Ubuntu is aimed at the desktop and the server markets.
Why not ?
I have my shiny Ultra5 on my desktop that’s currently running Debian.
It will be very good having Ubuntu on it too.
There is already a distribution that runs on every architecture plus your toaster: It’s called Debian.
I thought the point of Ubuntu was to focus on a few architectures of interest and provide timely releases. What is the point of this? The developer time would be better spent making the distribution better for the more popular architectures.
RTFA. These aren’t official Ubuntu developers doing this. They are volunteers.
So they should just take it re-wrap it and call it something else, you know, like ubuntu did debian.
Actually some of them are, Fabio Di Nitto and Lamot Jones are with the kernel team. They are doing this on their own free time.
This is unsupported by Ubuntu.
Learn to read, people!
This was also my first idea about this “change”. Ubuntu people has always preached about their differences (well, their word of use is usually more like advantages, oh well) from Debian, and how that makes them so fraggin’ better. Still, from day to day they seem to want to _be_ Debian: start from Debian, eploit about every aspect that has made Debian the favourite distro of thousands of users, sync to current Debian, now they can even tell that they support just as many acrhitectures (well, not the case this time, but this will probably change), and so on.

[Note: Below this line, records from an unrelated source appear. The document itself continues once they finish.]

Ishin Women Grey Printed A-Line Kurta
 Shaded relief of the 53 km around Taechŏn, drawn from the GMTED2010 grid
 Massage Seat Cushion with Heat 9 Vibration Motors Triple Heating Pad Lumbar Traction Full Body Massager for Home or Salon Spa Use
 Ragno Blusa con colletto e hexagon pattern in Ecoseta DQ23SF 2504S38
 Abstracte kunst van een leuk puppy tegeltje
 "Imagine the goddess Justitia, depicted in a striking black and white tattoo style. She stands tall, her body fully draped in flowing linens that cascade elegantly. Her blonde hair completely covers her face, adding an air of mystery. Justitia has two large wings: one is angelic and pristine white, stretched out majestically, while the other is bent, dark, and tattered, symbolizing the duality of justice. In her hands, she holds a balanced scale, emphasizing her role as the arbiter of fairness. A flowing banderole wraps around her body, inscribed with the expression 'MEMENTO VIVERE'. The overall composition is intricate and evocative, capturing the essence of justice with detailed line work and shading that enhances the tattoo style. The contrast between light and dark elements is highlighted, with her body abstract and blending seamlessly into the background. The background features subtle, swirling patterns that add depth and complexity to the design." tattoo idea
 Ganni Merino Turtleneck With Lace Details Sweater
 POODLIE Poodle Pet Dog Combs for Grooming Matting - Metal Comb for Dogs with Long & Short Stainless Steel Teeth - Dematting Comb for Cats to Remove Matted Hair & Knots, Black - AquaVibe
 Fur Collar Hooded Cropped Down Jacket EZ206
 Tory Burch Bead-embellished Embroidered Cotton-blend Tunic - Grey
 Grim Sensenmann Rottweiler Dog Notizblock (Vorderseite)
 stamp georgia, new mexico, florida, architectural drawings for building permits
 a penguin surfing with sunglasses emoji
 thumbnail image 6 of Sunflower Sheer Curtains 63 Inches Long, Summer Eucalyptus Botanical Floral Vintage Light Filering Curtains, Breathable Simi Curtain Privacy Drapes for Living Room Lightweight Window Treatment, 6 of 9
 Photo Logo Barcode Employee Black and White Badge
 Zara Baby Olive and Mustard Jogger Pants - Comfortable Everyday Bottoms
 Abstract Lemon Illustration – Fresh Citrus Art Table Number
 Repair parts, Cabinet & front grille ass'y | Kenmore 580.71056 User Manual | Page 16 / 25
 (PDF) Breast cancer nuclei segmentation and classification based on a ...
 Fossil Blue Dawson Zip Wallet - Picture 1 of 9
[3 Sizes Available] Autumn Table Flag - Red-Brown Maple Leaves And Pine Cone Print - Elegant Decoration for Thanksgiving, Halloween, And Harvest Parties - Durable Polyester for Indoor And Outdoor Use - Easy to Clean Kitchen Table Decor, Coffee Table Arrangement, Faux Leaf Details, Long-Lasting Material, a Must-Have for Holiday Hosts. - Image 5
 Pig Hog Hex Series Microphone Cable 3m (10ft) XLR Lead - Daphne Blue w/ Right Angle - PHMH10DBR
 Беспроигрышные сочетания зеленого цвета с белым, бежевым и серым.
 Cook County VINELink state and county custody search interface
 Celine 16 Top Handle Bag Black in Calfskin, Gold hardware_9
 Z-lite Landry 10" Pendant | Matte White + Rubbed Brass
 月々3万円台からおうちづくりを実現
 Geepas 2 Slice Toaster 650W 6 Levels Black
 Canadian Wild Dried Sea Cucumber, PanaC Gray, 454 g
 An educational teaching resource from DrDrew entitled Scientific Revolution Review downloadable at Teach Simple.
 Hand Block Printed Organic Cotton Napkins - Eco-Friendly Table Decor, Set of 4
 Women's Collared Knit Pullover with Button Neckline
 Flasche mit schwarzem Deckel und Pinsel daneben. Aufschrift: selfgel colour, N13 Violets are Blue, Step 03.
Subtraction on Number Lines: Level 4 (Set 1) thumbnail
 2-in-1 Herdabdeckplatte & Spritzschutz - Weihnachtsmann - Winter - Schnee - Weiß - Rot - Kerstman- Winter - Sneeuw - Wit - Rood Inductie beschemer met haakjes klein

I don’t really care where they want to get with Ubuntu. From my point of view [of being a long time debianer and fairly knowledgeable about dozens of other distros] a _much_ bigger, let’s even say revolutionary change — and that for the better — relative to Debian itself would be needed to make me change.
That said, I always have the most recent Ubuntu on my desk, also always order fairly large amounts of disks of the newset releases from them to spread among friends and other people. Why ? Because the __only___ advantage I see in Ubuntu relative to Debian is that it’s easier to spread it among less knowledgeable people and still providing a Debian-ish feel.
no thanks. nothing other than x86, it takes to much time.
Also idiotic…
There ought to be stringent criteria though…
Like maybe, idk, 5 million users at least?
Make it worth the effort, porting to port is not useful.
It’s not your time that is spent. It’s not time wasted. It’s good for the future to keep agile and portable – both source and developer skills. It contributes to quality assurance. Linux has gained lots, having been ported to other hardware architectures.
Besides, multiplatform distros can’t be all that much extra work as the hard work is done by -others-. The kernel, X, device driver, Gnome, KDE, etc developers. And Debian itself is available for six different architectures.
What’s wrong with you people?
“What’s wrong with you people?”
They lack a life and therefore they have nothing better to do with their time than to whine endlessly on osnews about what *other* people should spend their free time on.
doesn’t work on my netra t105 (sun4u) worth a crap. doesn’t seem to read disk geometry properly. i’ll try the debian port.
RTFA. These aren’t official Ubuntu developers doing this. They are volunteers.
But then again those “volunteers” could help finishing release goals ( https://wiki.ubuntu.com/BreezyGoals ) if they didn’t spend their time on random architectures.
“But then again those “volunteers” could help finishing release goals”
Mayne they just dont want to? Maybe they’re more interested in porting it to a platform that they are using?
It’s their time and resources, stop telling them what to do with it.
“This is unsupported by Ubuntu. Learn to read, people!”
For now. As soon as people start whining, they’ll either have to dump the architectures or support them. You’re right, people don’t read. People will associate these architectures with Ubuntu, regardless what it says in some obscure paragraph somewhere. The previous comments prove that. It’s easy to get sucked into architecture hell.
8*
Correction: 10
And thats not including the ports to different kernels, or the beowulf port…
http://www.debian.org/ports/
Sorry, my bad. I simply counted the ISO options of my local Debian mirror and didn’t think to look further.
Now I can try it on a Sun box the place where I work has laying around… The more diversity, the merrier. Hope it dual boots with Solaris.